As it happens, I had in my library a book edited in 1971 by Mr Horowitz, in the days when he as still a leader of the American New Left. It was a collection of essays about the life and work of Isaac Deutscher, the British Marxist biographer of Stalin and, most famously, of Trotsky. Deutscher was also a prolific journalist and essayist.

Isaac Deutscher was born in Poland, a subject of the Tsar, in 1907, and died a British citizen in 1967. His move to England in 1939 saved his life; if he had either stayed in Poland or moved to Russia (where he was offered a post at a university) he would almost certainly not have survived the war.

Deutscher was an infant prodigy, brought up as a religious Jew but losing his faith at an early age. He transferred his religious longings at about the age of twenty to the secular faith of Marxism, and never lost that faith to the day he died. Happy the man who lives in his faith, but unhappy the man who lives in a country in which his faith has become an unassailable orthodoxy.

When one reads Deutscher aware of the fact that English was his sixth or seventh language, one is truly astonished, for his prose in his sixth or seventh language is lucid and even elegant, with absolutely no hint that he is not a native-speaker, and a highly-educated one at that. As a sheer linguistic feat this is, if not completely unexampled, very remarkable indeed. Although a Marxist, he modelled himself as a stylist on Gibbon and Macaulay, and if he does not quite reach their level – well, who does nowadays?

His language was clear, but his thought was not. He was what might be called a dialectical equivocator, made dishonest by his early religious vows to Marxism. This made him unable to see or judge things in a common-sense way. His unwavering attachment to his primordial philosophical standpoint, his irrational rationalism, turned him into that most curious (and sometimes dangerous, because intellectually charismatic) figure, the brilliant fool. He was the opposite of Dr Watson who saw but did not observe: he observed, but did not see. He was the archetype of the man, so common among intellectuals, who knows much but understands little.

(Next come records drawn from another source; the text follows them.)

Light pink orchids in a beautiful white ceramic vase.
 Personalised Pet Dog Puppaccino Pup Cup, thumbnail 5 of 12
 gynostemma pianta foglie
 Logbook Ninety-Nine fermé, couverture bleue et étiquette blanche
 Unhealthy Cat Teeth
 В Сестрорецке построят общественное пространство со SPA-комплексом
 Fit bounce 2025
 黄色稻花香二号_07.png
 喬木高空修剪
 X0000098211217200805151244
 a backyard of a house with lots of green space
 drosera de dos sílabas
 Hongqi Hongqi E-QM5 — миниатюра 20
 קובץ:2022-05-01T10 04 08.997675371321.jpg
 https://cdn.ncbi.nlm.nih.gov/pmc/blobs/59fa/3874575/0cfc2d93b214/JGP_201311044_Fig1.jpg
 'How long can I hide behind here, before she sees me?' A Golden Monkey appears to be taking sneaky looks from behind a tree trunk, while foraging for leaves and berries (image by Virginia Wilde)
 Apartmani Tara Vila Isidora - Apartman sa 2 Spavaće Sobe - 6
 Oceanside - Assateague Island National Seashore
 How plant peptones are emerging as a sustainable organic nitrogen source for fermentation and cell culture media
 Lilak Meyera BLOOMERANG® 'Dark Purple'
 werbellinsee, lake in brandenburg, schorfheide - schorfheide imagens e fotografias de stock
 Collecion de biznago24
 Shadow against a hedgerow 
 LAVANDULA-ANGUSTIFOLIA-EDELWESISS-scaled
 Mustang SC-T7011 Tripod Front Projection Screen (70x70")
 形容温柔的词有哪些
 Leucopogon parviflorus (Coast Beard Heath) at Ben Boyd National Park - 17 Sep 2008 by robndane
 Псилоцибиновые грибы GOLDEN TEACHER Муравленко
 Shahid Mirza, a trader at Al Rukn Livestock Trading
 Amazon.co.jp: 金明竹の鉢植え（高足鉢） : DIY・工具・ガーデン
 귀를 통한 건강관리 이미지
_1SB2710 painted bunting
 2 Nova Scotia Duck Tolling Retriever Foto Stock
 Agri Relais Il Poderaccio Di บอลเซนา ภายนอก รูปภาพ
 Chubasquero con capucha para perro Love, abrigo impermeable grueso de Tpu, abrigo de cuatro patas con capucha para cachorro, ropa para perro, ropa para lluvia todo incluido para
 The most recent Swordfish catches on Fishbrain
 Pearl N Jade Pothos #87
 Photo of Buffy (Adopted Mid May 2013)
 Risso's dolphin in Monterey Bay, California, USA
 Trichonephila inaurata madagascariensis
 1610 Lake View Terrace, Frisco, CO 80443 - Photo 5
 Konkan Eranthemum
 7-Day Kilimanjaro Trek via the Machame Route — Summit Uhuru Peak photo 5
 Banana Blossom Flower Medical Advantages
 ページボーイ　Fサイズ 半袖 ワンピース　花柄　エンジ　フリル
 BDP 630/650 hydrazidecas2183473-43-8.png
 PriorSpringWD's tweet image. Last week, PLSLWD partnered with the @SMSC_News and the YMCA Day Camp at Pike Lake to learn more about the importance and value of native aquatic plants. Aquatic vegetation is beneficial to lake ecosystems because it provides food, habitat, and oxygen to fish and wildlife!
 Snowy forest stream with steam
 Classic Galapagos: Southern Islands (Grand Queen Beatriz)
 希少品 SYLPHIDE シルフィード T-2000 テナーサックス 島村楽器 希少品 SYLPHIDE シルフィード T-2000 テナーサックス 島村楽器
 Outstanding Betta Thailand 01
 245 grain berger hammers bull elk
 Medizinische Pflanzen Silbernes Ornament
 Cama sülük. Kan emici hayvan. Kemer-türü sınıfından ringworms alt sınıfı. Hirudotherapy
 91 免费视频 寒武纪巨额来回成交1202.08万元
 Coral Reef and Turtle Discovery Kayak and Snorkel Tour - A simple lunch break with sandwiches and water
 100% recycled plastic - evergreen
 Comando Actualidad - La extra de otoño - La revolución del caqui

A good example of this capacity to misunderstand despite a great deal of knowledge occurs in his posthumous short book, Lenin’s Childhood. When he died, Deutscher was working on a projected biography of Lenin, but only the chapter devoted to Lenin’s childhood existed in anything like publishable form; it was edited by his wife and collaborator, Tamara.

From the purely literary point of view, the fragment is characteristically excellent, the very model of its type, written in beautifully balanced prose and with a judicious amount of detail. Of course, an account of so factual a matter as Lenin’s childhood must be influenced deeply by the biographer’s overall assessment of Lenin’s character and achievements, for the child is father to the man and it is the final character and achievements of that man that the childhood in part is to explain or at least prefigure. In Lenin’s case, we are interested in the childhood because of what he became, not for its own sake; and it is inevitable that we shall look for different germs of the future in it if we consider Lenin the nearest man to the devil incarnate who has ever existed from those that we shall seek if we regard him (as Deutscher did, according to his wife) as ‘the most earthly of all who have lived on this earth of man’ – clearly a religious way of putting it, incidentally. What is to be explained differs completely in the two cases: the person who thinks of Lenin as the frozen-blooded murderer who could order executions by the thousand without so much as the flicker of an eyelid will look for different things in his childhood from the person who thinks that he was the brilliant saviour of the world.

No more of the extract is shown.